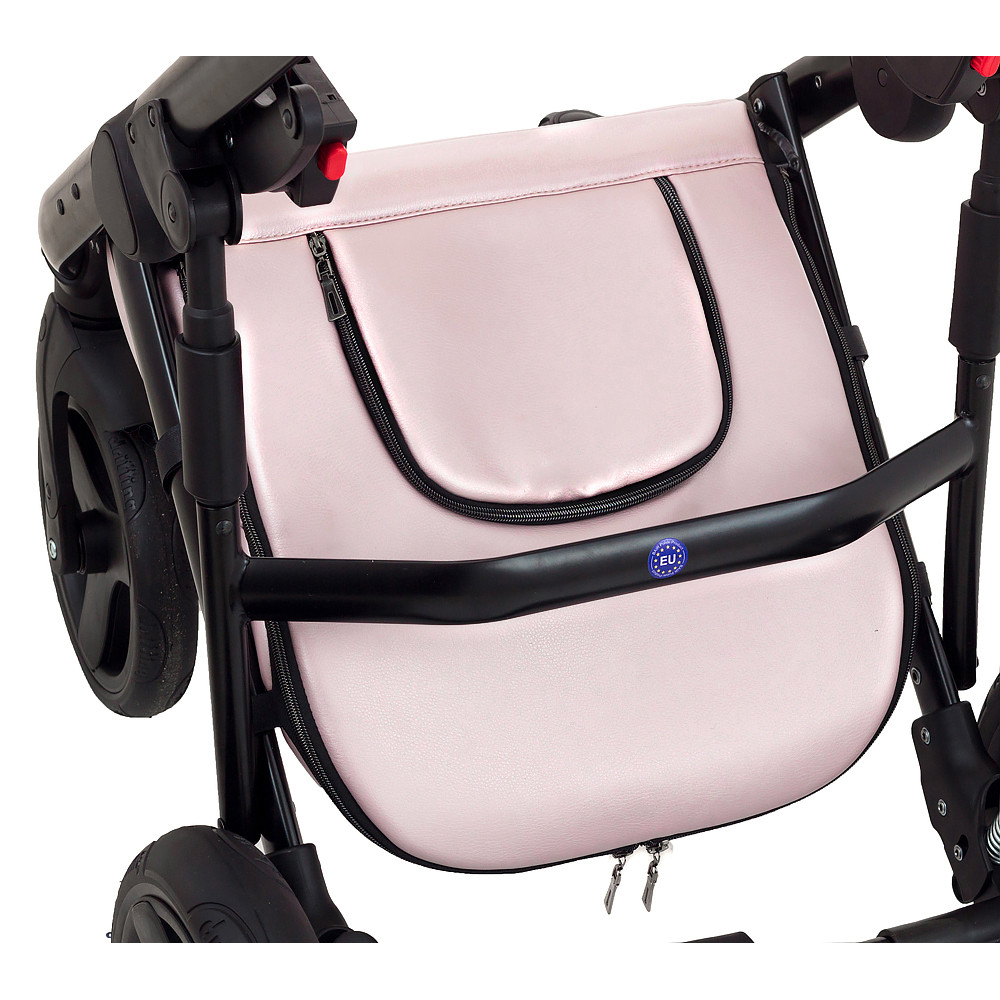 Коляска 2 в 1 Bair Mirello Plus кожа 100% MP-02 розовый перламутр - черный Коляска 2 в 1 Bair Mirello Plus кожа 100% MP-02 розовый перламутр - черный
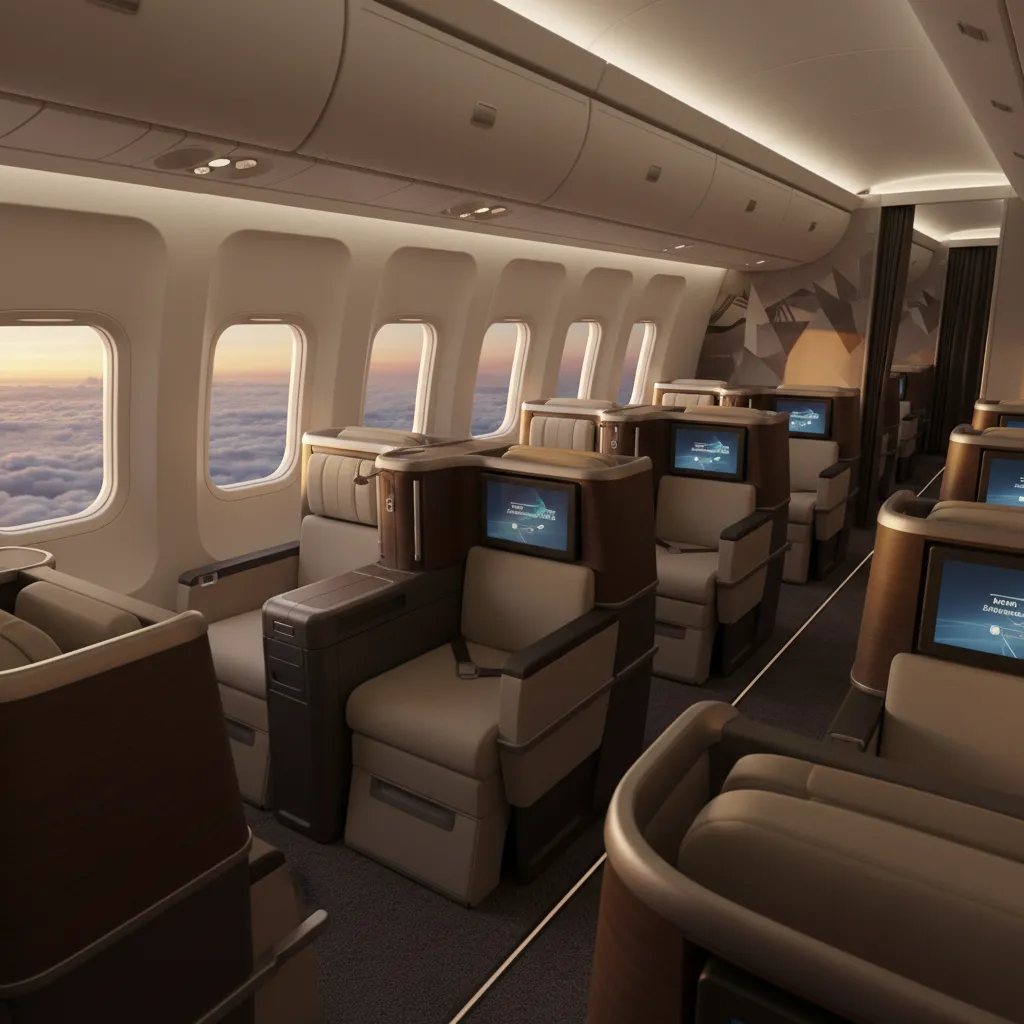 Business class aircraft cabin with lie flat seats and premium layout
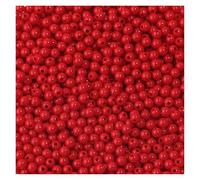 WENH 1000 cuentas acrílicas de 4 mm, mini cuentas espaciadoras sueltas redondas de color sólido for hacer joyas, pulseras, collares y accesorios.(Red)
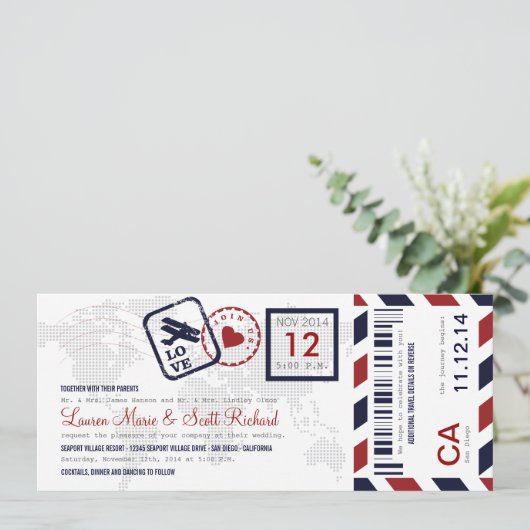 Airmail Boarding Pass Ticket Wedding Invitation Einladung (Stehend Vorderseite)
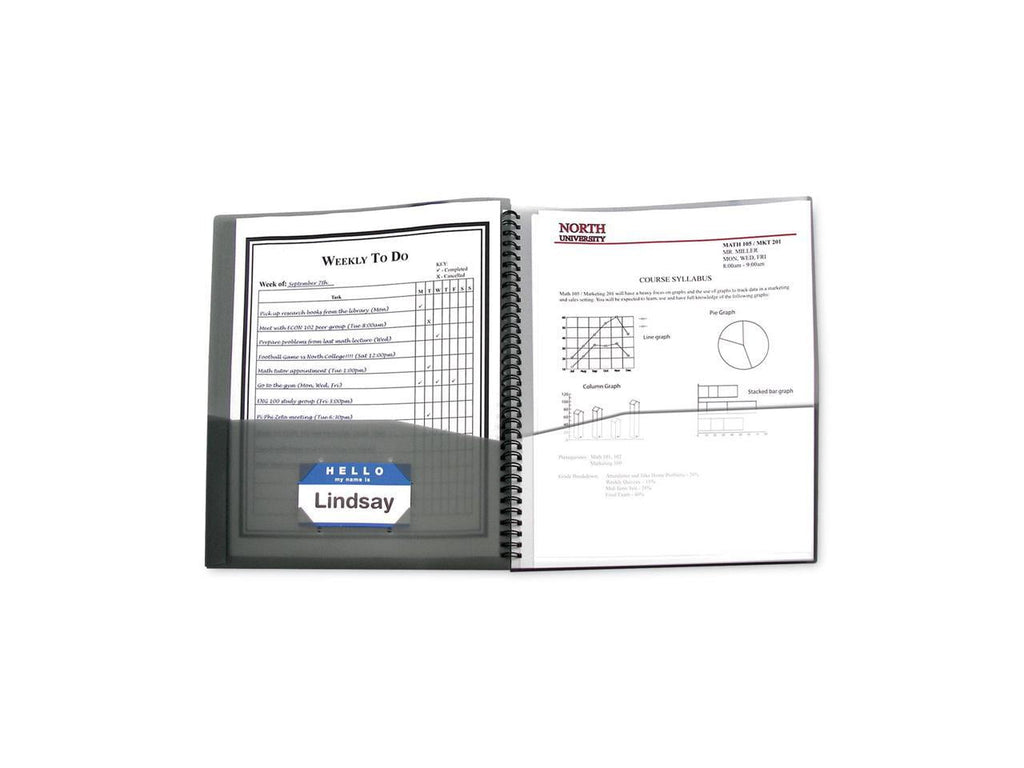 C-Line, CLI33081, 8-Pocket Spiral-bound Poly Portfolio, 1 Each, Smoke,Clear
◇ ◇ ◇ ◇
» Work to complete:
With all pictures left out, please transcribe exactly the lines from the start of the material through the line with "WENH 1000 cuentas".

» Reply to the task:
 Коляска 2 в 1 Bair Mirello Plus кожа 100% MP-02 розовый перламутр - черный Коляска 2 в 1 Bair Mirello Plus кожа 100% MP-02 розовый перламутр - черный
 Business class aircraft cabin with lie flat seats and premium layout
 WENH 1000 cuentas acrílicas de 4 mm, mini cuentas espaciadoras sueltas redondas de color sólido for hacer joyas, pulseras, collares y accesorios.(Red)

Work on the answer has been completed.